To check the contributions of each feature to principal components, let's see the loadings. Loadings are given by `eigenvectors * sqrt(explained variance)` (Eigenvectors are unit-scaled loadings. They show direction of maximum variance). Basically, loadings are the correlations between variables and components.

In [None]:
# numeric calculations
import numpy as np
eigenvectors = pca.components_
eigenvectors


: 

**QUESTIONS**

* Calculate PCA `loadings`
* Create a DataFrame for them. Display this DataFrame
* Comment on the results

In [None]:
# ANSWER
cumulative_explained_variance = np.cumsum(pca.explained_variance_ratio_)
loadings = eigenvectors.T * np.sqrt(cumulative_explained_variance)  # Transpose eigenvectors to match the number of features

loadings_df = pd.DataFrame(loadings, columns=['PC1', 'PC2'], index=['Sepal Length', 'Sepal Width', 'Petal Length', 'Petal Width'])

print(loadings_df)

: 

YOUR COMMENT: 
* PC1 is mainly influenced by Petal Length, with moderate contributions from Petal Width and Sepal Length.  
* PC2 is driven by Sepal Length and Sepal Width, with minimal influence from Petal Length and Petal Width

## Task #3: Prepare Data for Clustering

We are going to create clusters without the use of `class` attribute. So let's drop this column.

**QUESTIONS**

* Create a DataFrame `df_clustering` by droping the column `class`

In [None]:
# ANSWER
df_clustering = data_cleaned.drop(columns=['class'])
df_clustering

: 

Even though in our case the attributes have comparable scales, let's apply a [`StandardScaler`](https://scikit-learn.org/stable/modules/generated/sklearn.preprocessing.StandardScaler.html). Recall, that for a given value `x`, a standard score is given by $z = \frac{x - mean(\mathbf{x})}{std(\mathbf{x})}$ 

In [None]:
# scaler
from sklearn.preprocessing import StandardScaler

: 

In [None]:
# Scale the data
scaler = StandardScaler()
scaled_data = scaler.fit_transform(df_clustering)
# show
print(scaled_data)
# create a DataFrame
scaled_data_df = pd.DataFrame(data=scaled_data, columns=df_clustering.columns)
scaled_data_df.head()

: 

## Task #4: Apply k-means Clustering and Find the Optimal Number of Clusters using Elbow Method

To apply **k-means clustering**, we are going to use [`sklearn.cluster.KMeans`](https://scikit-learn.org/stable/modules/generated/sklearn.cluster.KMeans.html). 

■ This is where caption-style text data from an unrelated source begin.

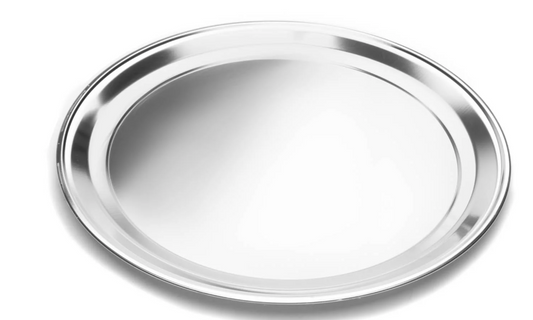 STAINLESS STEEL PIZZA PAN 16"
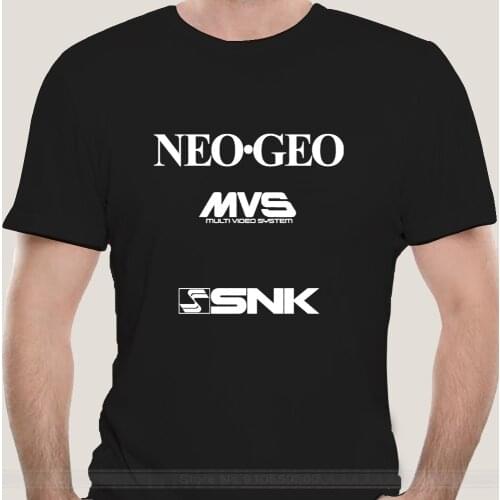Neo Geo MVS SNK Arcade Shirt S-5XL Premium or Basic Shirts sizes S-5XL cotton tshirt men summer fashion t-shirt euro size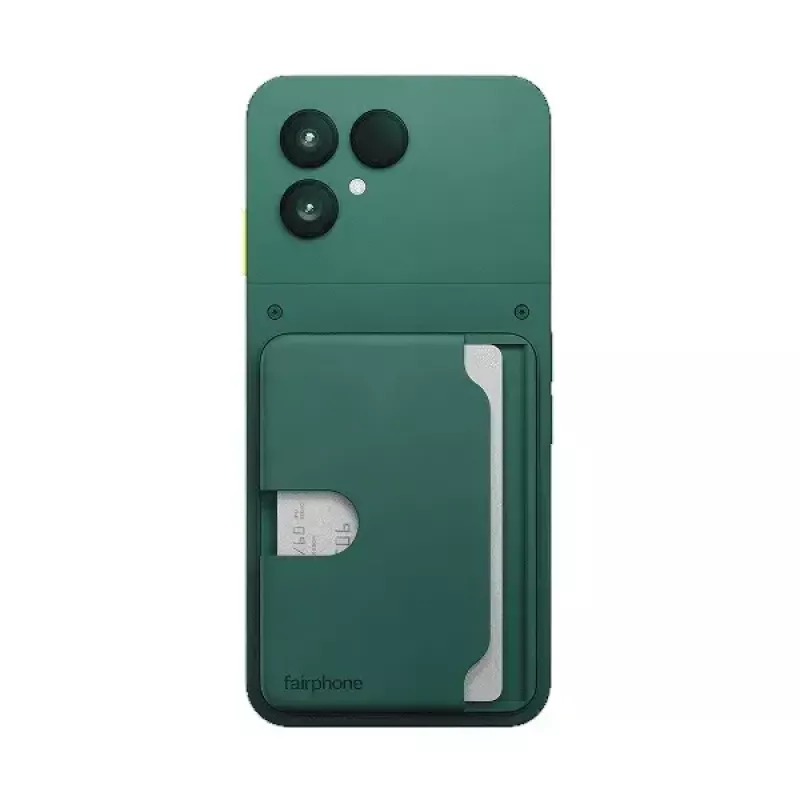 Kortelių laikiklis Fairphone mobiliojo telefono dėklui – modelis F6CRDH-1GR-WW1, žalias, plastikinis, 73,1×106,5×8,4 mm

Mind that this algorithm requires a number of clusters as a parameter `k`. Let's first try `k=3` and then find the optimal number of clusters.

In [None]:
# k-means
from sklearn.cluster import KMeans

: 

In [None]:
# number of clusters 
k = 3
# create a model
kmeans = KMeans(n_clusters=k, init='k-means++')
# fit scaled data
kmeans.fit(scaled_data_df)

: 

We can check the associated labels using `labels_` attribute.

In [None]:
# associated cluster labels
labels = kmeans.labels_
print(f"k-means labels: {labels}")

: 

To see the sum of squared distances of samples to their closest cluster center, use `inertia_` attribute:

In [None]:
# sum of squared distances
inertia = kmeans.inertia_
print(f"Sum of squared distances: {inertia}")

: 

This value can be used for finding the optimal number of clusters using the *Elbow method*. To do that let's vary the number of clusters `k`, apply k-means algorithm and store the corresponding intertia values. Then, let's plot the result and determine the best `k`.

**QUESTIONS**

* Find the optimal `k` using Elbow method

In [None]:
inertia_values = []
k_range = range(1, 11)

for k in k_range:
    kmeans = KMeans(n_clusters=k, init='k-means++')
    kmeans.fit(scaled_data_df)  # Fit the scaled data
    inertia_values.append(kmeans.inertia_)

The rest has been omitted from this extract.